■ **Task item**
Write down exactly what lies from the line containing "Habitación estándar, 2" to the end of the records, inclusive, and omit the pictures.

■ **Supplied material**
····················

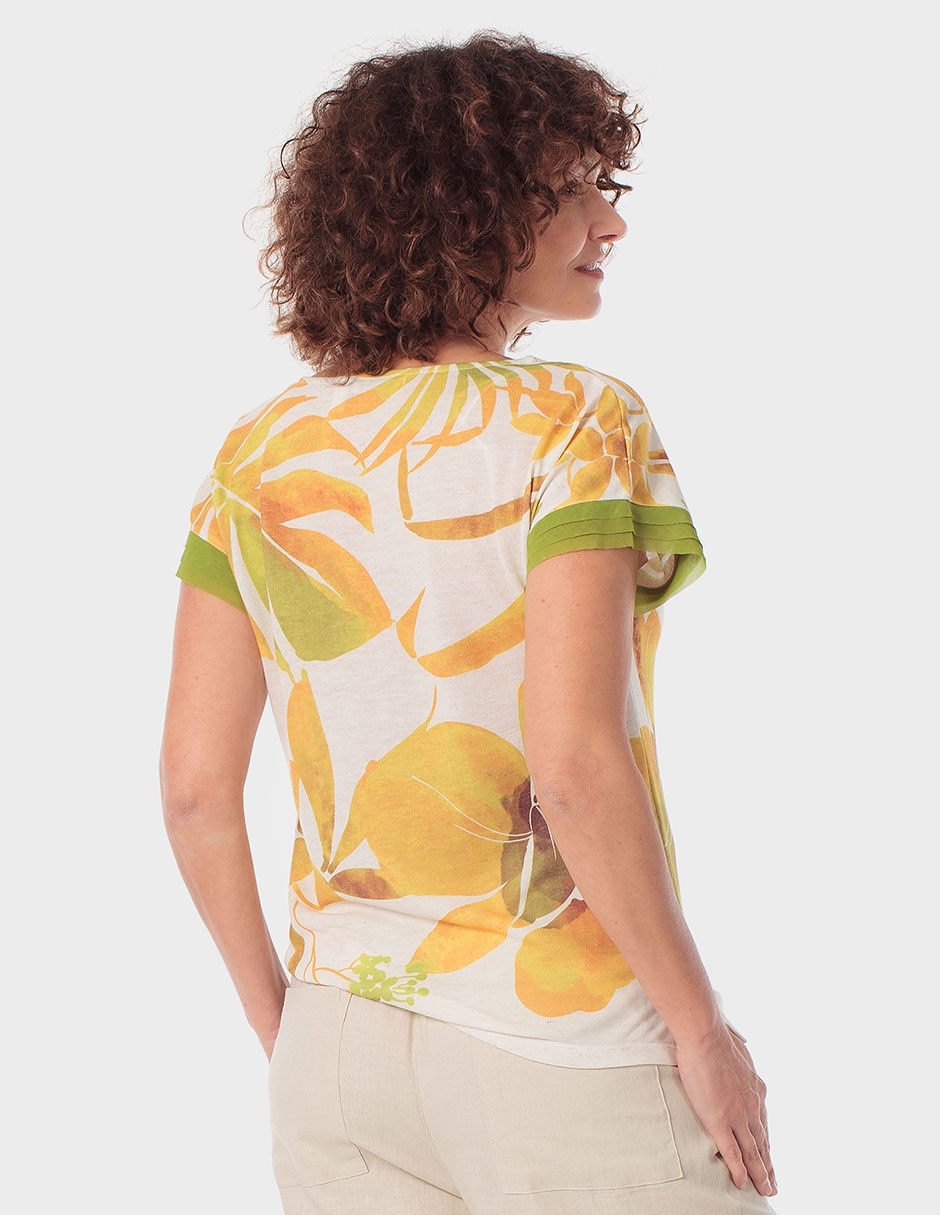 Playera manga corta cuello redondo mujer 3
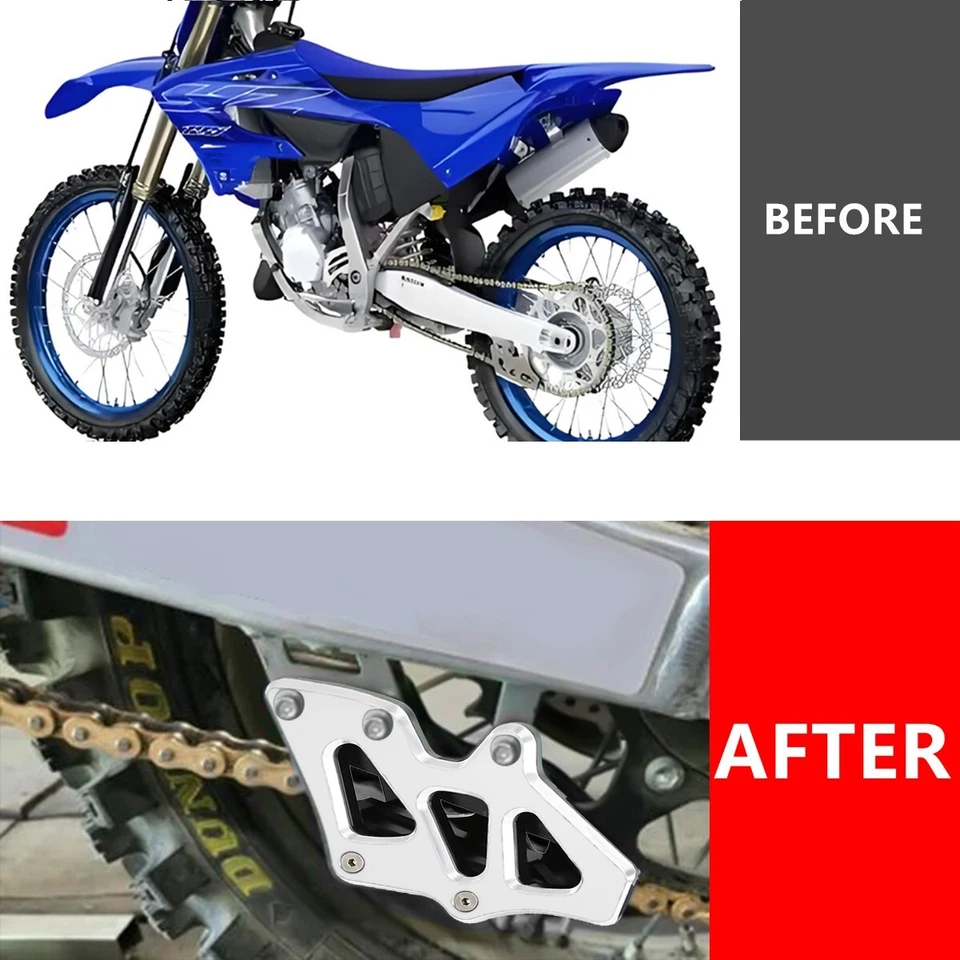 Guía de cadena US CNC SILVER para YAMAHA YZ125 YZ250 YZ250F/X/FX YZ450F/FX WR250F Foto 2 de 4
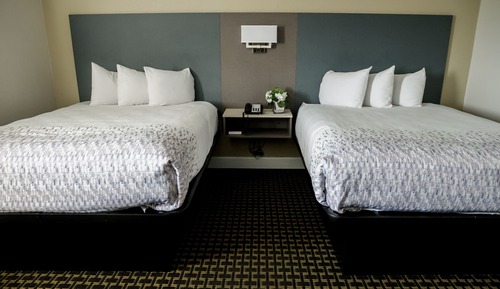 Habitación estándar, 2 camas de matrimonio, vistas al mar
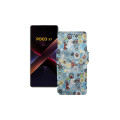 Чохол-книжка з екошкіри для телефону Xiaomi Poco X7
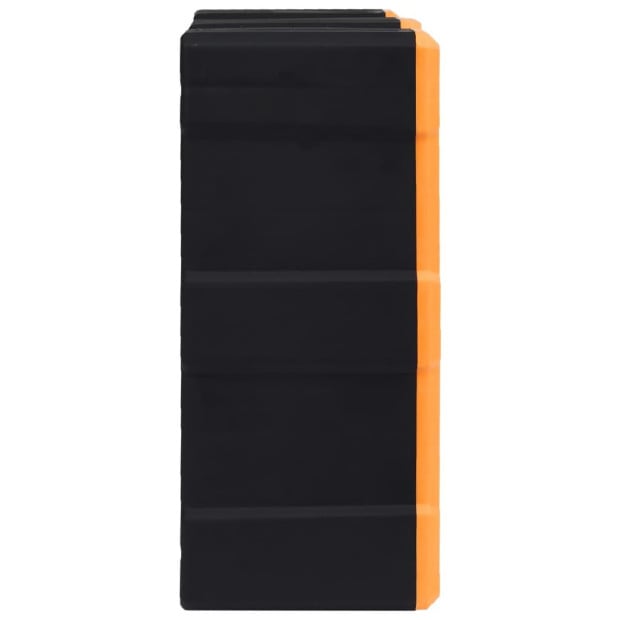 Multi-drawer Organiser With 64 Drawers 52 x 16 x 37.5cm Orange Image 3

····················

■ **The completed task**
 Habitación estándar, 2 camas de matrimonio, vistas al mar
 Чохол-книжка з екошкіри для телефону Xiaomi Poco X7
 Multi-drawer Organiser With 64 Drawers 52 x 16 x 37.5cm Orange Image 3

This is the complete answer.